The proposal asking members of the Asia Pacific Economic Cooperation group to assess the vulnerability of their airports to Man-Portable Air Defence Systems (MANPADS), was tabled at a meeting of APEC officials here.
"China objected to it so there was no consensus. It's a political and touchy issue," said an Asian foreign ministry official who attended the session, asking to remain anonymous.
The official declined to explain why China vetoed the proposal, saying only it was a very sensitive issue.
APEC, a loose grouping of 21 countries and territories bordering the Pacific Ocean, arrives at decisions by consensus and any disagreement from one member can veto an initiative.
The senior officials began meeting in this southern South Korean city on Saturday to discuss issues to be presented to their leaders who will gather for a November 18-19 summit.
At Saturday's session, the APEC Counter-Terrorism Task Force presented the US proposal which asked members to carry out an assessment of at least one major airport within their country or territory to determine if planes using it are vulnerable to MANPADS.
The assessment was supposed to be completed by the end of 2006 using standards developed by the International Civil Aviation Organisation (ICAO).
MANPADS are surface-to-air missile systems especially designed to be carried and fired by an individual.

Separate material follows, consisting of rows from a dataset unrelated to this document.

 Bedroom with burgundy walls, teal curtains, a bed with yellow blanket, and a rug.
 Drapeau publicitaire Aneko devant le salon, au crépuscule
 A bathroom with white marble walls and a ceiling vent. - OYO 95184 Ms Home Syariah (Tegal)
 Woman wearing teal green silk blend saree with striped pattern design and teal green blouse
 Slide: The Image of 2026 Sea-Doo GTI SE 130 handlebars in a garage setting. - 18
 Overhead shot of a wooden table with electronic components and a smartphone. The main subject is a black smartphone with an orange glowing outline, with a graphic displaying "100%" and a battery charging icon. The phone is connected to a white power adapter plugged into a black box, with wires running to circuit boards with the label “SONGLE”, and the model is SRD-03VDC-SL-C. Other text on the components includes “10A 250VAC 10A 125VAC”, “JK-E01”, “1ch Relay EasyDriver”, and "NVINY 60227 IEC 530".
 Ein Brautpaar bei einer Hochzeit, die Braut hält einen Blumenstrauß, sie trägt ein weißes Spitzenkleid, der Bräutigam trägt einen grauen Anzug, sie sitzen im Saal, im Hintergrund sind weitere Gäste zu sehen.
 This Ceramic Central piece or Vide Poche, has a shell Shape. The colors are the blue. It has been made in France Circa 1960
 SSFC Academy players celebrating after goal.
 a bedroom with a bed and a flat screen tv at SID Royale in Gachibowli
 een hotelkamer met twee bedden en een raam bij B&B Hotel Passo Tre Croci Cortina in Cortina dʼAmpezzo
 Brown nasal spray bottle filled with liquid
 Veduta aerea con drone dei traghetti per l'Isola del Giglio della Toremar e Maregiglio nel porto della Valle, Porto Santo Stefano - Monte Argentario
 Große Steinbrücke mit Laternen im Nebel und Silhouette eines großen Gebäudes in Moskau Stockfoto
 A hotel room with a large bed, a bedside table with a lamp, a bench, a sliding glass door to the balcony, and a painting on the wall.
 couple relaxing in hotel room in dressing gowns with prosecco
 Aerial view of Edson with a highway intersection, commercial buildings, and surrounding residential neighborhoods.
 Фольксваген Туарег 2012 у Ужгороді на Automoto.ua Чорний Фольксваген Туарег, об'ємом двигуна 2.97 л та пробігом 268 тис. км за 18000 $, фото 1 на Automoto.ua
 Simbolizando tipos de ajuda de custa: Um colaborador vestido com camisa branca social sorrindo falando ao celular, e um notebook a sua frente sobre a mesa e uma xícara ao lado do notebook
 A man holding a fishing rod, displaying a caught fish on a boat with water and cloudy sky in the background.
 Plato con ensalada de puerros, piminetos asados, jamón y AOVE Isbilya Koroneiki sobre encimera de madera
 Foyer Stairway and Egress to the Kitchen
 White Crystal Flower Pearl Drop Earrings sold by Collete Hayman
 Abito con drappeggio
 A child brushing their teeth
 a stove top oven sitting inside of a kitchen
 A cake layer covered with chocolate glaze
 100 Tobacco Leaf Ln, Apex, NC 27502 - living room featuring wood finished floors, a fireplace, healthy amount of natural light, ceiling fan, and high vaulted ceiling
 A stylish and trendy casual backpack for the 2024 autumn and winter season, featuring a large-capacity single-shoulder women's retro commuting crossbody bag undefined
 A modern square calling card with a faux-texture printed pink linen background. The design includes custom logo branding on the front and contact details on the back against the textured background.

Because of their size, MANPADS are easily hidden and moved but can be devastating. There are fears they could be used against commercial planes, which are vulnerable shortly after takeoff and before landing.
In November 2002, suspected terrorists fired two SA-7 surface-to-air weapons at a Boeing 757 airliner chartered to evacuate Israeli civilians out of Mombasa, Kenya. The weapons narrowly missed the plane.
The missiles use heat-seeking sensors that home in on the targets' infrared signature, such as the engine.